Bryan Robson says 'managers should be given three years' as pressure builds on Erik Ten Hag

  • Bryan Robson sat down with Chris Hall to talk about his new business that aims to offer financial help to sports stars, his time with Sir Alex Ferguson and his take on the current state of Manchester United

Former Manchester United Captain and fan-favourite Bryan Robson says he believes managers should be given three years to prove themselves in the job.

Speaking to ITV Granada, Captain Marvel, as he was affectionately known, said the club's current manager Erik Ten Hag has done a 'solid job'.

Robson managed the likes of Middlesbrough, West Bromwich Albion and Sheffield United after his playing career ended in 1997.

He said: "Being a manager, I think you always need three years. After three years you can say I've put a bit of my authority and stamp on the team. It will be interesting to see if the hierarchy do that."

It comes as the Dutchman's future hangs in the balance following United's near-implosion in the FA Cup semi final against Coventry at the weekend.

Ten Hag has come under fire for United's performance.

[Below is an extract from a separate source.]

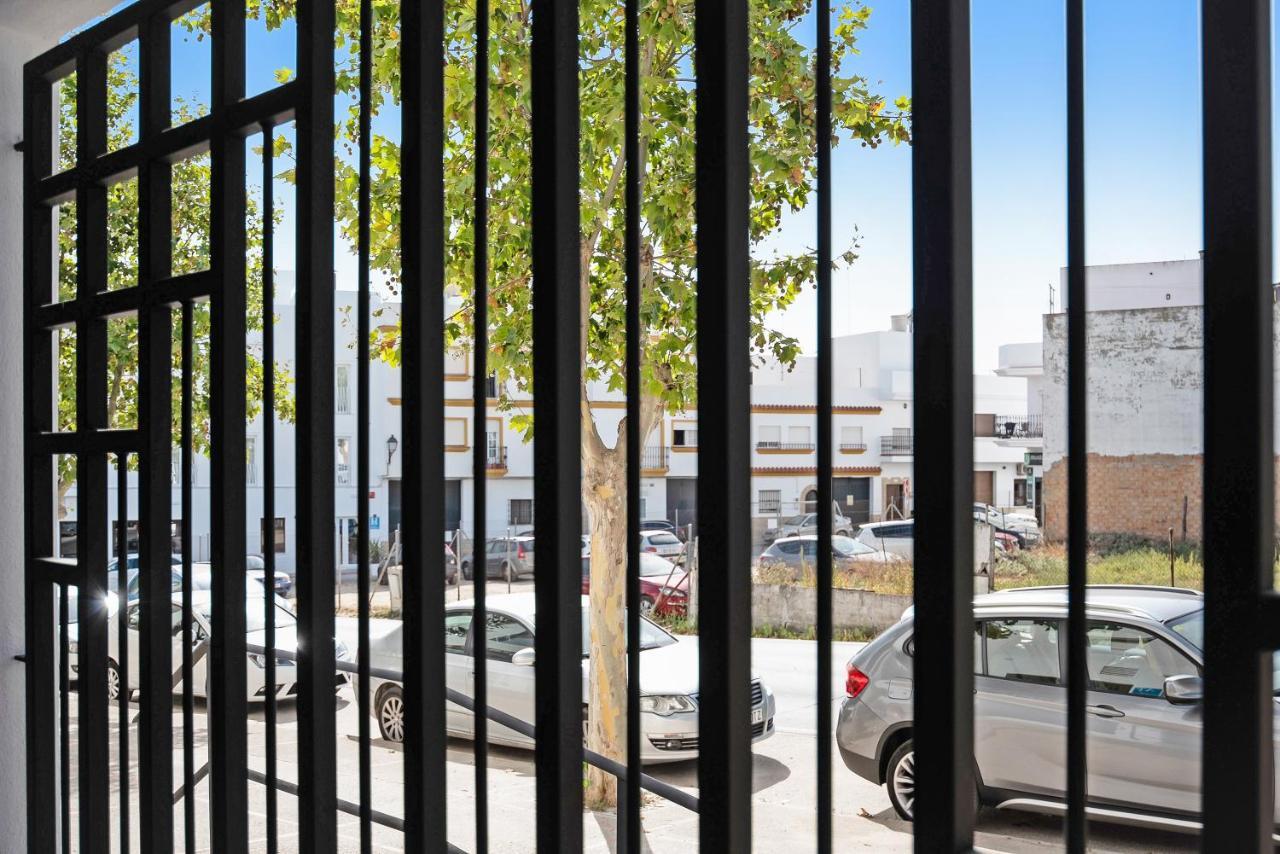 Апартаменты Apartamento Virgen De La Luz II Кониль-де-ла-Фронтера Экстерьер фото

Credit: PA Images

Erik Ten Hag's side let a three goal lead slide in a chaotic 20 minutes at Wembley, before sparing some of the blushes by winning on penalties to tee up a repeat of last year's final against Manchester City.

It was just the latest in a string of poor performances and late collapses, with some fans now calling for the Dutchman to be sacked.

United's former number seven said: "Last year i thought he did very well - two cup finals, winning a cup, finishing in the top four, that was great.

"I think he's had a really unfair year as far as injuries have been concerned. He's coped with it, he hasn't really made that an excuse. It's difficult to get a really good understanding with your team mates if it's changing all the time because of injuries.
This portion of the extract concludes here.